## EXERCISE AIM
Everything in the records below from the line containing "Casa de 3 habitaciones" through the line containing "Country houses for" is to be reproduced exactly, those two lines included; no picture is to be copied.

## DATASET RECORDS
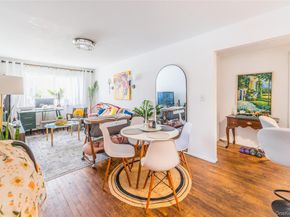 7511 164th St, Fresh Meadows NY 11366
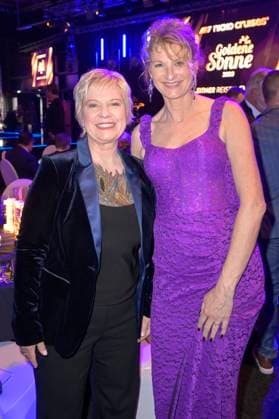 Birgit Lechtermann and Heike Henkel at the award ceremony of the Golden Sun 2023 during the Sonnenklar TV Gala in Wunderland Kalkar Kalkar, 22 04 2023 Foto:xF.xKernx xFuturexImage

--

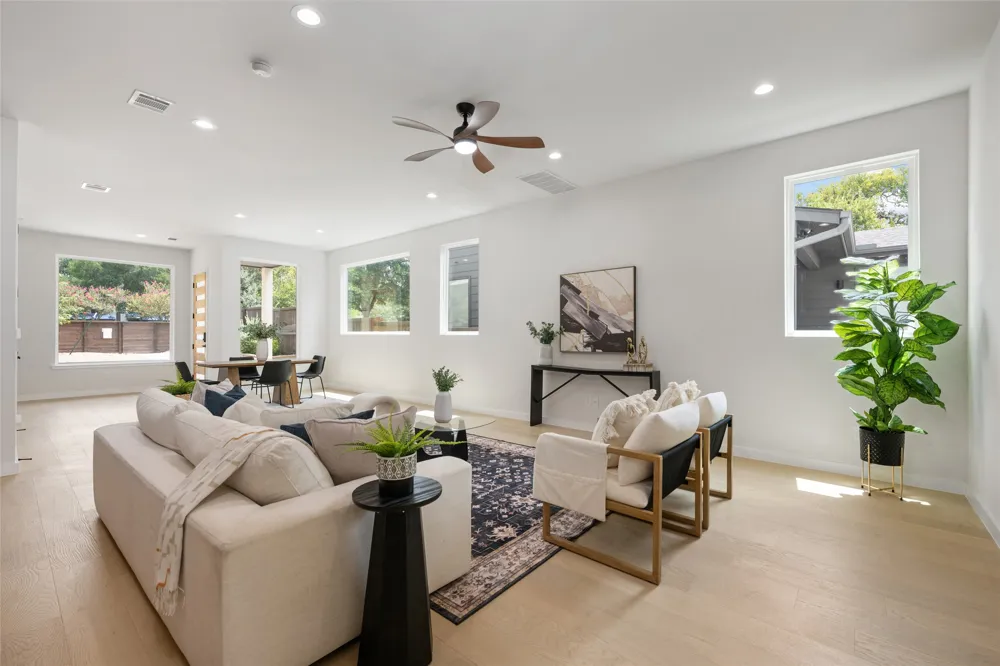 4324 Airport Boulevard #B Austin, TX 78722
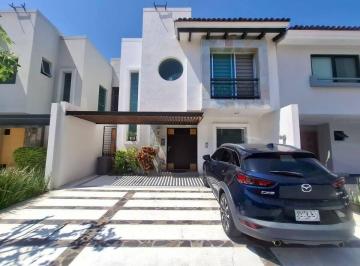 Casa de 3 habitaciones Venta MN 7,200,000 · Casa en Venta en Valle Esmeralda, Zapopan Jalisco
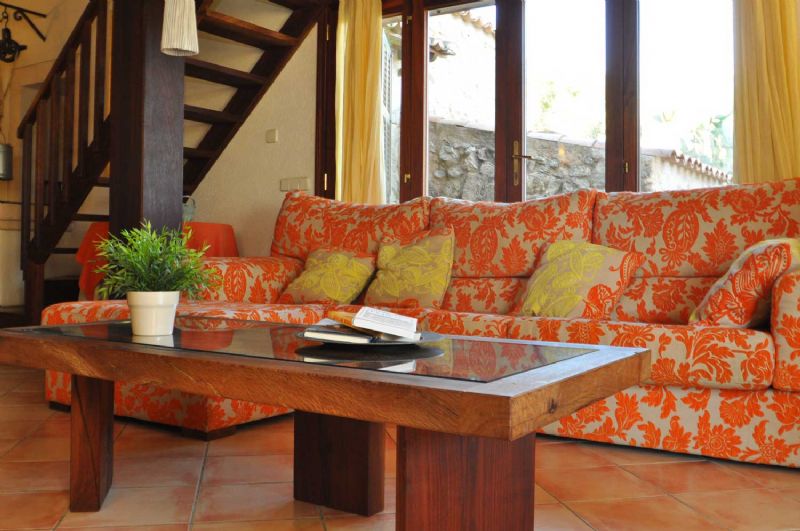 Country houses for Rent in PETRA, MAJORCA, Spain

## RESULT FOR THIS TASK
 Casa de 3 habitaciones Venta MN 7,200,000 · Casa en Venta en Valle Esmeralda, Zapopan Jalisco
 Country houses for Rent in PETRA, MAJORCA, Spain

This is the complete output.